Ao passo que o Banco do Japão critica publicamente a decisão britânica de deixar a União Europeia, alegando que o ato gerou a maior fonte de incertezas no mercado, governos do mundo todo vêm respondendo às suas tensões internas com centenas de barreiras de mercado, protecionismo e redução dos fluxos globais de capital, o que prejudicou o crescimento econômico. O Diretor de Mercados Emergentes do Morgan Stanley, Ruchir Sharma, declara, em artigo para a Fairplay: “é possível que o crescimento econômico tenha que enfrentar uma refreada enquanto os líderes políticos dos países estiverem ocupados em lidar com a frustração daqueles que acreditam que a globalização os deixou para trás”.
Bem-vindos à era da “desglobalização”, sugere a publicação. Para a navegação, ela traz um pesadelo. Em um momento no qual a superoferta de navios demanda expansão econômica para aumentar a procura pela capacidade oferecida, as perspectivas de submersão dos mercados vêm na direção exatamente oposta ao cenário em que o mercado depositava suas esperanças. Apesar das iniciativas para diminuição da capacidade, por meio de scrapping (desativação de embarcações) e da redução no número de novas encomendas, nenhum dos lados da equação oferta/procura trazem certezas para a lucratividade da atividade de navegação.
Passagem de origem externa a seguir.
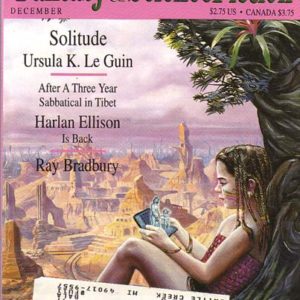 Fantasy & Science Fiction Magazine 1994 December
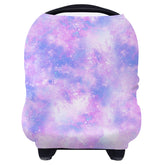 Yoofoss nursing cover provides breastfeeding privacy in public spaces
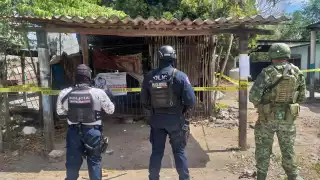 Hasta el momento no se ha dado información sobre si hubo detenidos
As primeiras prejudicadas são as companhias endividadas, sejam elas de grande ou pequeno porte, assim como os estaleiros, tradicionalmente acostumados a usar pagamentos de novas encomendas para pagar dívidas de embarcações já em construção, e que demoraram para perceber a inviabilidade desse tipo de operação.
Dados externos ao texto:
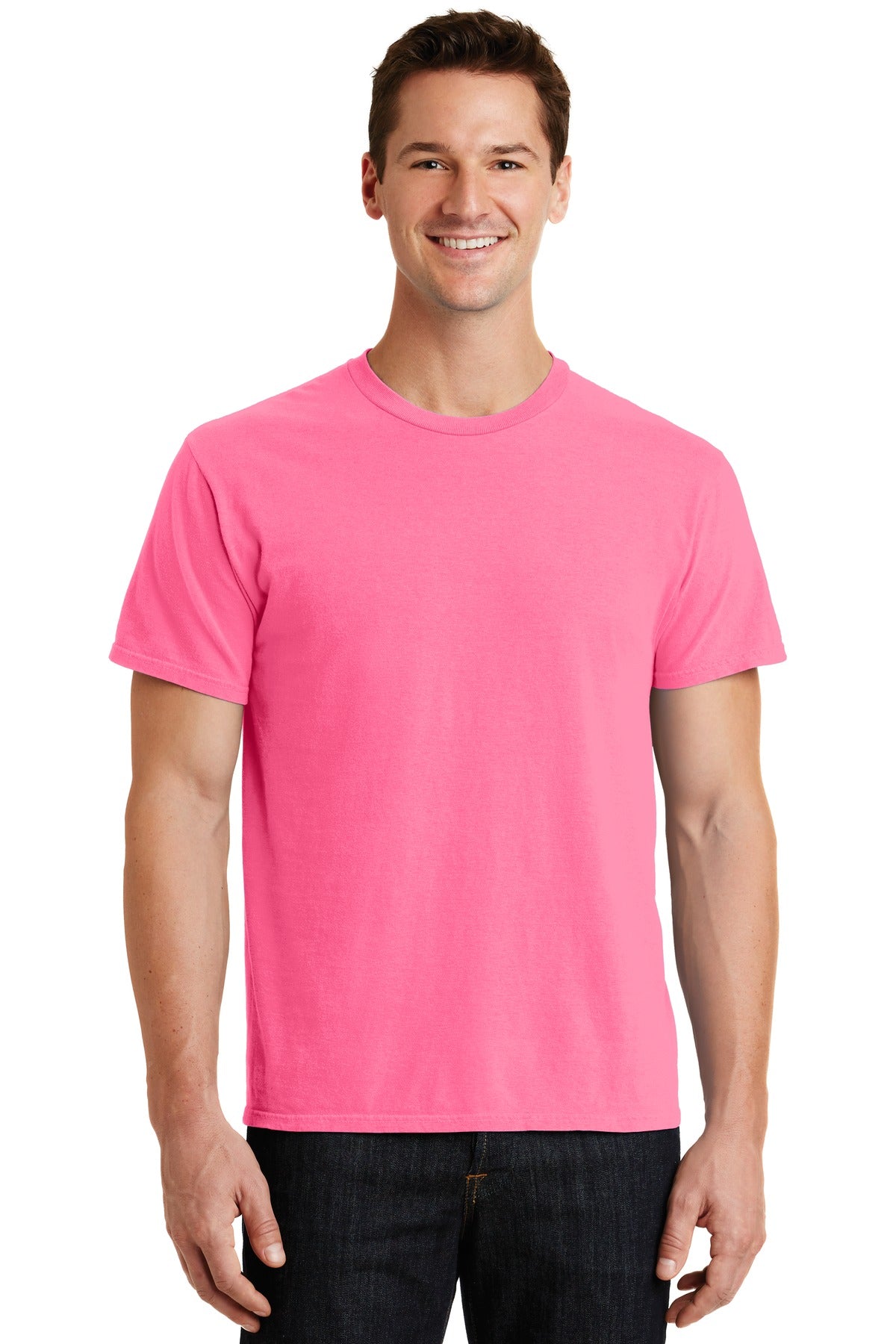 Model Neon Pink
“A expectativa dos analistas internacionais do mercado é de que o setor de granéis secos deverá retornar aos níveis aceitáveis em 2018, os tanqueiros sofrerão pressões por tarifas em 2017 (quando receberem novas embarcações) e os containers vão continuar passando por momentos difíceis – a menos que haja um corte bastante significativo de capacidade no próximo ano”, avalia a Fairplay.
Todas essas previsões, no entanto, tiveram base na globalização, que é a base da produção como a conhecemos hoje. Se a “desglobalização” acontecer – e, com ela, mais barreiras, protecionismo e introspecção – então todas as apostas dos especialistas estarão inválidas. Seja lá qual for a reclamação do Banco do Japão, a questão vai além do Brexit: vivemos a possibilidade de que o mesmo aconteça, em curto prazo, com outras nações do mundo, algo que somente saberemos após as eleições que virão pela frente na França, Alemanha e Holanda, e podem trazer perspectivas bastante desconfortáveis para o mercado.
Segundo a Fairplay, para lidar com a desglobalização, os armadores deverão compreender que o shipping hoje em dia está menos ligado aos navios em si, e mais às pessoas. Pessoas com talentos, experiências e percepções, “insights”; pessoas que compreendam a atividade de intercâmbio de mercadorias e de mercados financeiros; que consigam interligar dados analíticos, comunicações via satélite, centrais de controle e tecnologia de última geração; pessoas para as quais o navio seja uma parte crucial, porém integrante do negócio de logística porta-a-porta. A desglobalização vai causar uma revolução na indústria da navegação, sim – diz o artigo. Porém o motivo é que ela vai expor ineficiências e más práticas onde houver. Grandes empresas, atuais e eficientes, e que consideram seus navios como patrimônio já podem ir se animando: o futuro virtual já ganhou o mundo real.